La chaîne d'approvisionnement mondiale aura de la difficulté à suivre l'augmentation de la cadence de production chez les grands avionneurs. Selon une étude de PricewaterhouseCoopers (PwC), 21% des fournisseurs qui participent à 12 grands programmes de l'aéronautique et de la défense, comme le Boeing 787, l'Airbus A350, la CSeries de Bombardier et le F-35 de Lockheed Martin, ne sont pas prêts à faire face à la musique.

Il s'agit de capacité disponible, mais aussi de moyens financiers.

«Il s'agit de voir ce que ces gens-là ont comme argent de libre pour faire face à l'augmentation de l'inventaire et à l'augmentation des investissements nécessaires pour la machinerie ou autre, a déclaré le responsable de l'équipe de l'aérospatiale et de la défense de PwC au Canada, Mario Longpré, dans une entrevue téléphonique avec La Presse Affaires. C'est un gros enjeu en ce moment dans l'industrie.»

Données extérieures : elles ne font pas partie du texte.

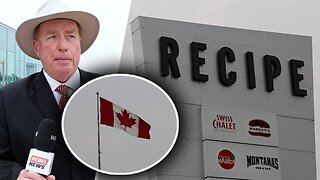 Food giant Recipe Unlimited flys Canadian flag during Pride after previous cancellation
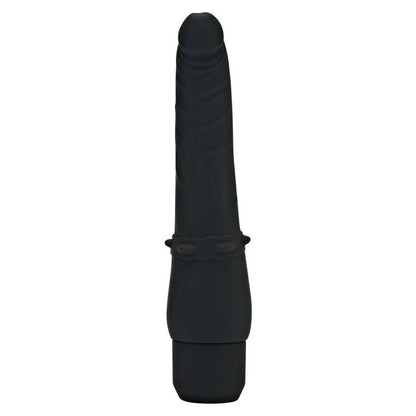 GET REAL - CLASSIC SMOOTH VIBRATOR BLACK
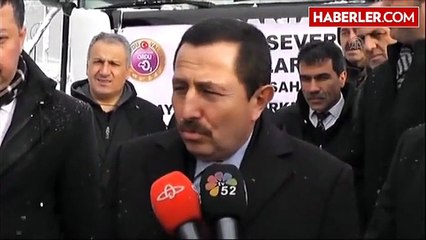 Bayırbucak Türkmenlerine Yardım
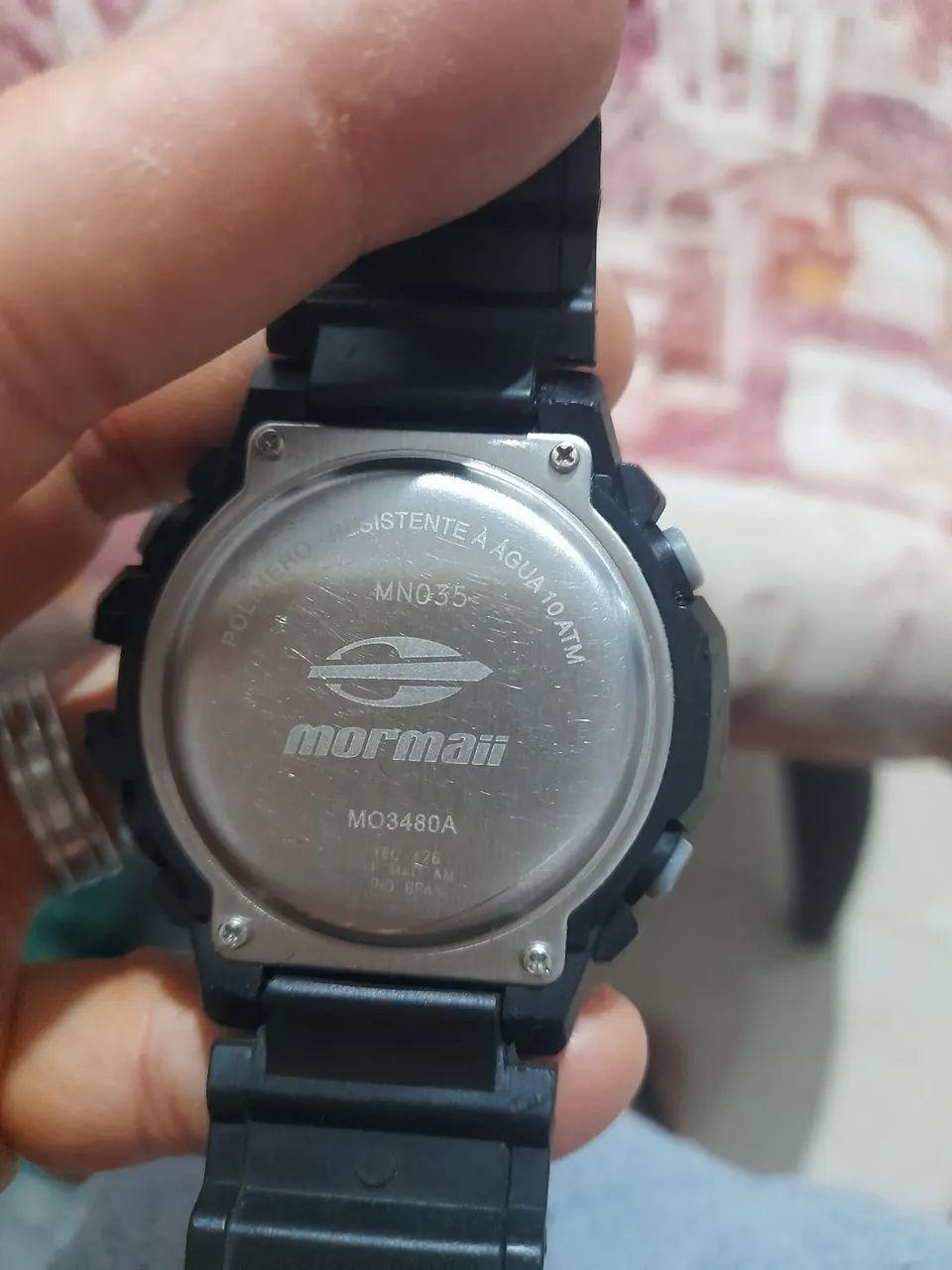 Vendo um relógio digital mormaii funcionando perfeitamente  - Foto 2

Airbus et Boeing ont enregistré des commandes records au cours de la dernière année et se retrouvent maintenant avec des calendriers de production qui couvrent les huit prochaines années.

«Bombardier est encore à l'étape de la prise de commandes, que ce soit au niveau de la CSeries ou des avions régionaux, mais elle finira par être affectée par les mêmes problèmes parce que certaines composantes ne sont pas manufacturées par beaucoup de fournisseurs et parce qu'il y a souvent des fournisseurs qui sont communs à Airbus, Boeing et Bombardier», a indiqué M. Longpré.

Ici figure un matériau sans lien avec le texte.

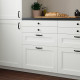 Front szuflady, biały imitacja drewna ENKÖPING 105.057.78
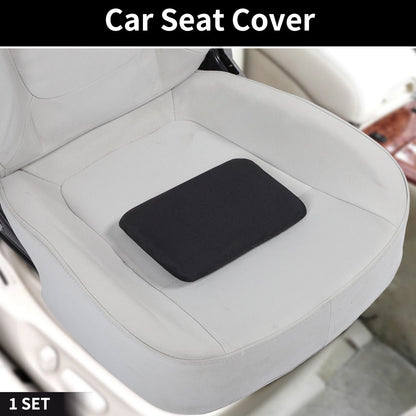 Set of 1 Bottom Seat Pad Cover for SUV (Honeycomb, Blue/Black)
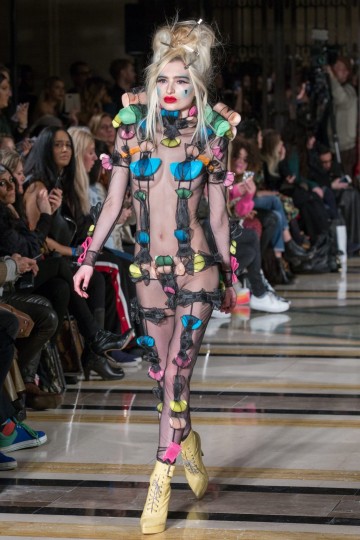 LFW AW18 - Pam Hogg - Huw Jenkins - The Upcoming-24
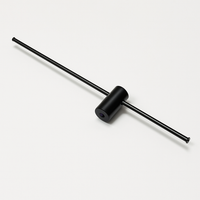 Minimalistische LED Wandlamp Lang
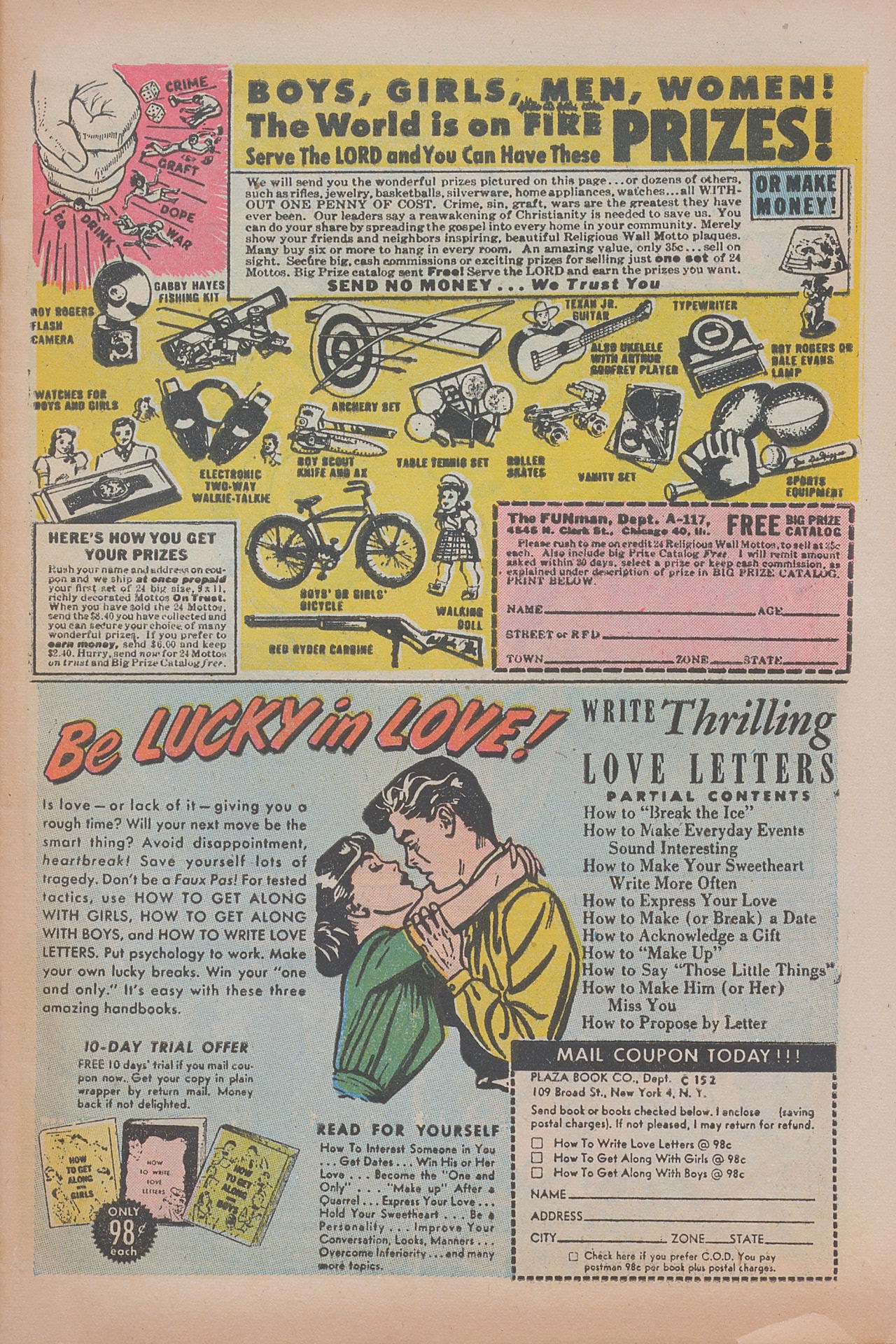 Read online Love Romances comic -  Issue #36 - 9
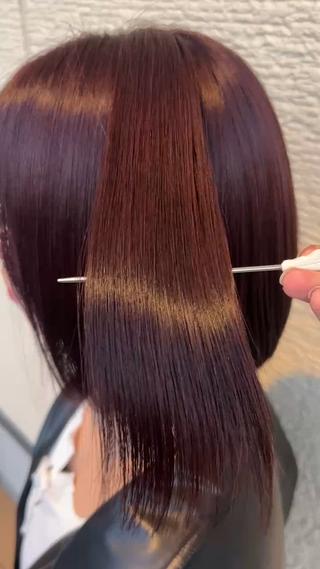 質感改善で髪をツルツルにしませんか?? 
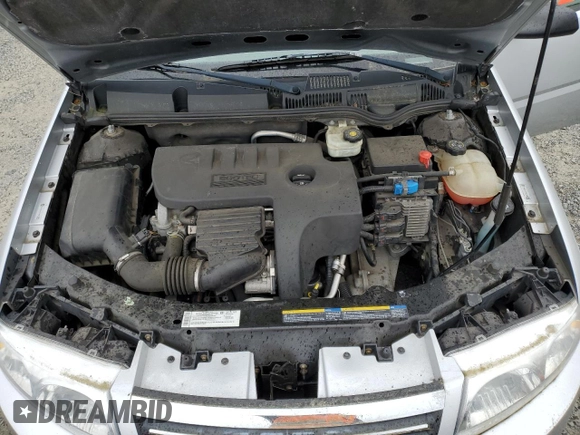 2007 Saturn ION ION 3 z VIN 1G8AL55F07Z175905, wystawiony jako Copart lot #57176495 z przebiegiem 76 794 mil mil oraz Czysty tytuł • Clean title. Historia ofert i sprzedaży dostępna na DreamBid. Obrazek 11.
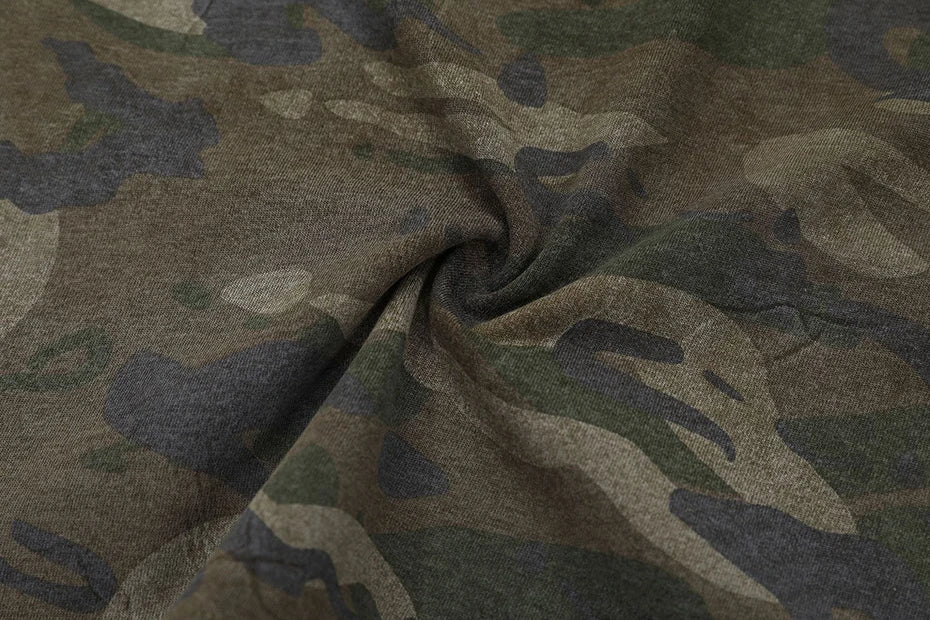 Camo Remix Patch T-Shirt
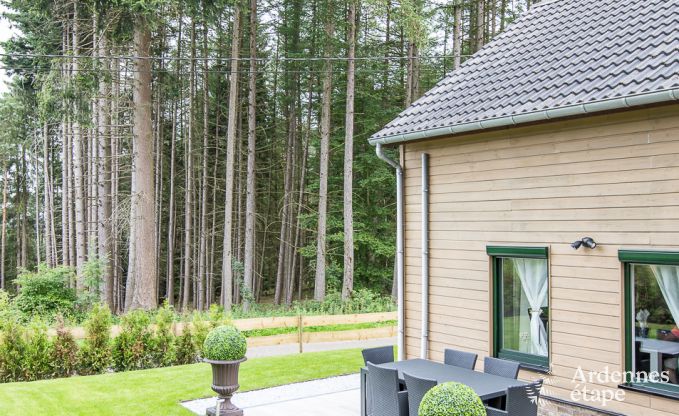 Chalet in Trois-Ponts voor 4 personen in de Ardennen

Bombardier doit donc surveiller de près ce qui se passe chez ses fournisseurs, et chez les fournisseurs de ceux-ci.

«Ça en prend juste un qui brise la chaîne, qui ne peut pas livrer une pièce, pour retarder le développement ou la livraison d'un avion, a souligné M. Longpré. Or, Bombardier a déjà mangé le surplus de temps qu'elle avait provisionné [pour faire face à des délais éventuels].»

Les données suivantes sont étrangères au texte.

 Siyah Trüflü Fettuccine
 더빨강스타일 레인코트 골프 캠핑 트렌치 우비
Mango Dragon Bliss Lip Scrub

Airbus et Boeing ont parfois dû acquérir un fournisseur fragile pour reprendre les choses en main et minimiser les risques. Les problèmes qui se pointent dans la chaîne d'approvisionnement pourraient donc favoriser les acquisitions au cours des années à venir.

L'année 2011 a d'ailleurs fracassé les records en ce qui concerne les fusions et acquisitions dans l'industrie de l'aérospatiale et la défense. Dans un rapport, PwC a recensé 341 transactions à l'échelle mondiale, d'une valeur de 43,7 milliards US. L'année 2010 avait donné lieu à 332 transactions, d'une valeur de 21,9 milliards US.

PwC s'attend à ce que 2012 soit également active, notamment en raison de la différence de rythme entre l'aéronautique civile, qui se prépare à de fortes augmentations de cadences de production, et la défense, qui doit faire face à la réduction des budgets militaires d'un grand nombre de pays, à commencer par les États-Unis.

«Nous nous attendons à ce que les acteurs de la défense cherchent à diversifier leurs activités et à venir du côté commercial», a déclaré M. Longpré.

Héroux-Devtek, qui fabrique diverses composantes pour des avions civils et militaires, pourrait ainsi intéresser une entreprise de la défense qui voudrait se diversifier.

«Les entreprises québécoises, ce sont de belles compagnies, ce sont des fleurons de l'économie locale, mais il y a de très grosses sociétés aux États-Unis, a rappelé M. Longpré. Pour elles, c'est une bouchée de pain.»